Work instruction:
The expected answer is the data below, printed verbatim without its pictures.

*** Information supplied

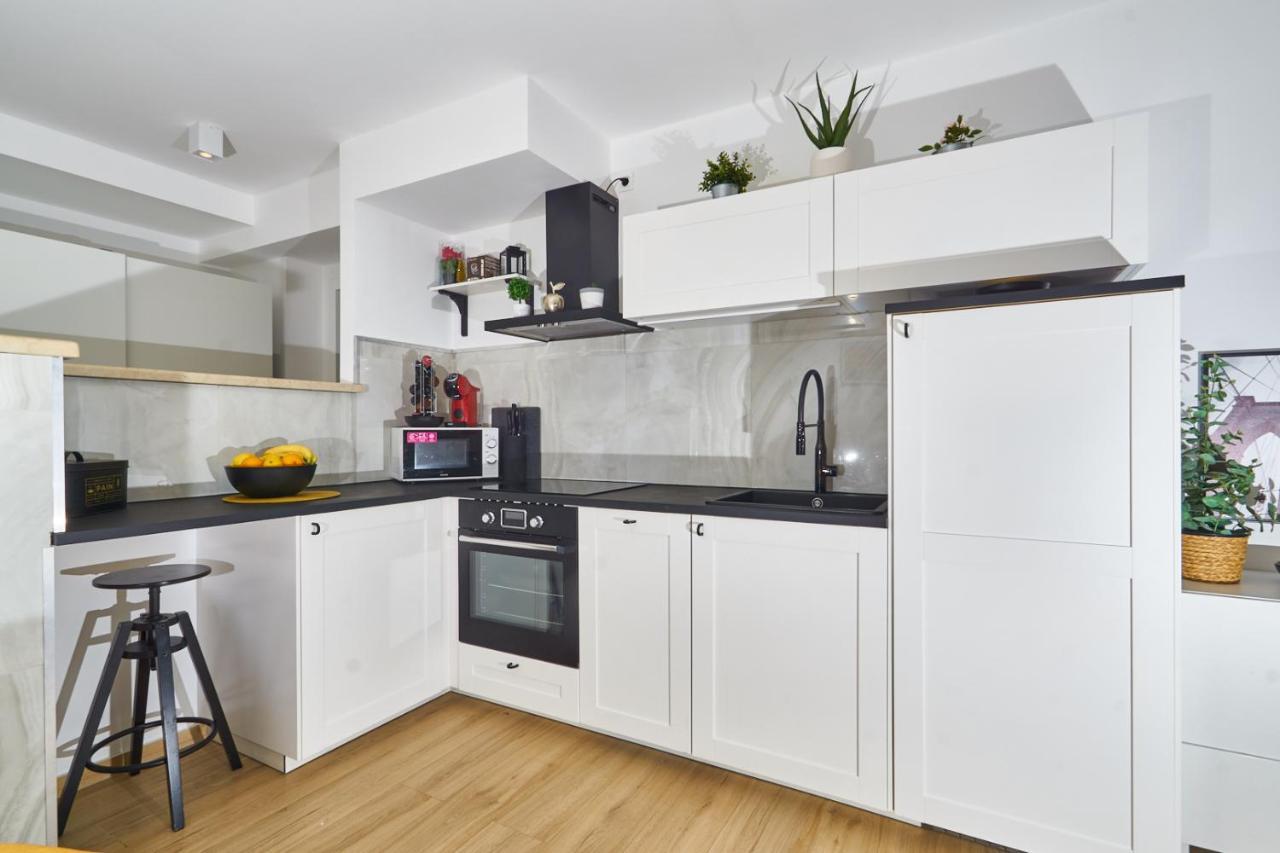 Urban Ivan Apartment *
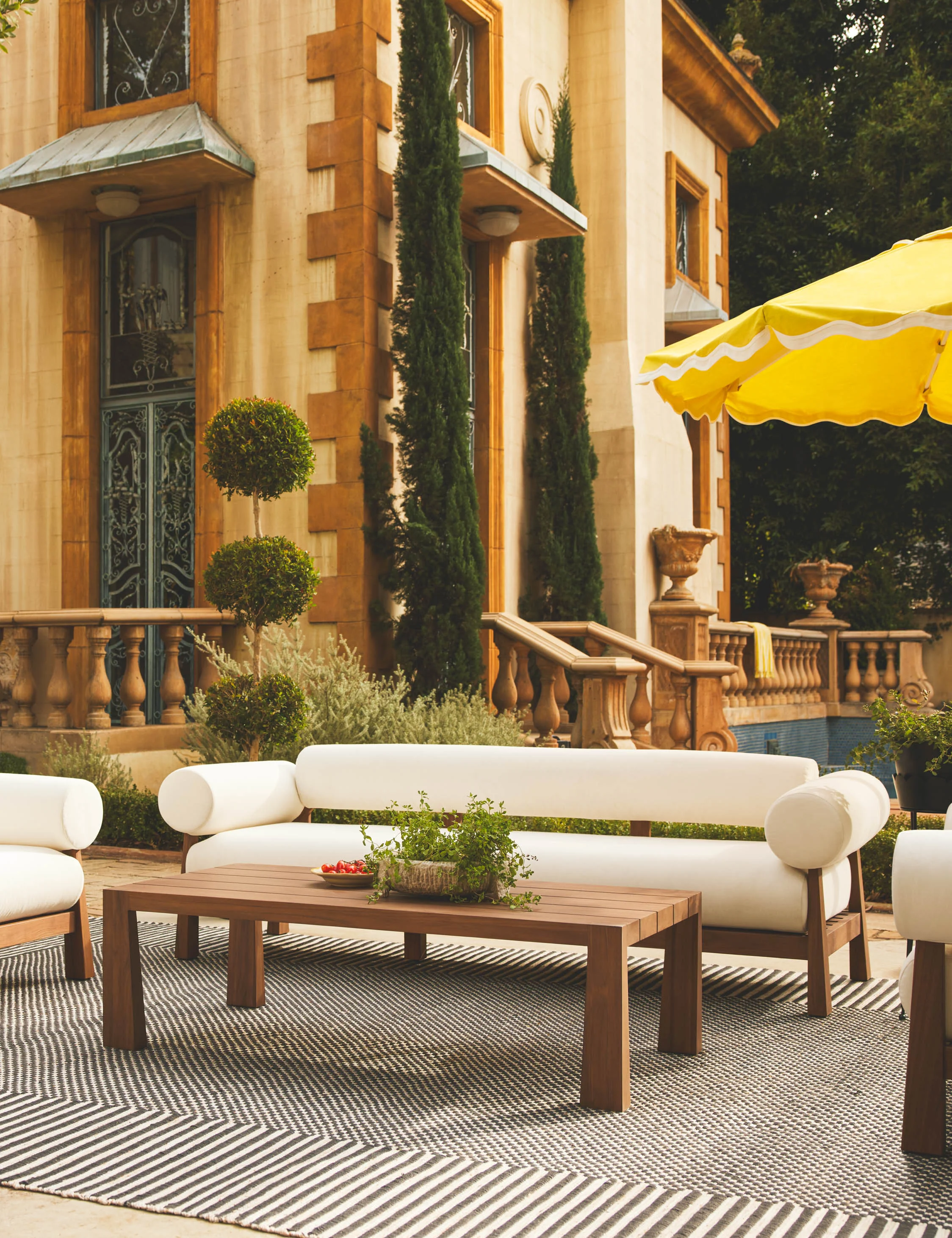 Bassano Outdoor Sofa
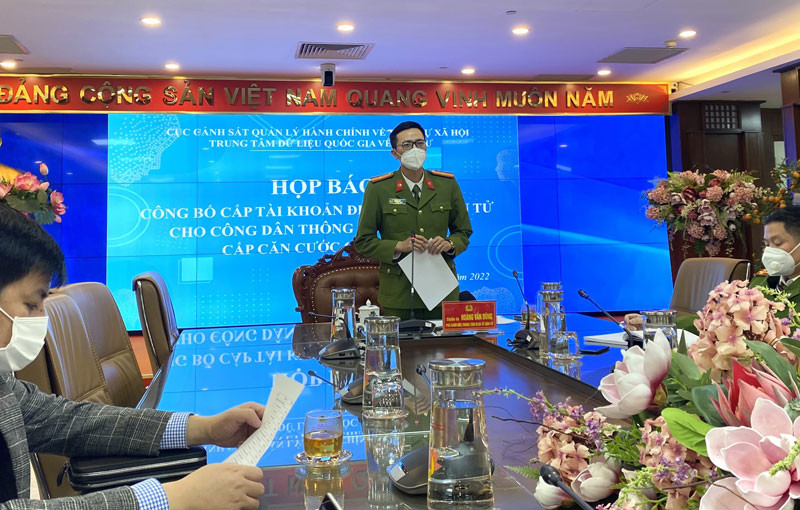 Bộ Công an sẽ cấp tài khoản định danh điện tử cho công dân từ ngày 25/2.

******

Completed exercise:
 Urban Ivan Apartment *
 Bassano Outdoor Sofa
 Bộ Công an sẽ cấp tài khoản định danh điện tử cho công dân từ ngày 25/2.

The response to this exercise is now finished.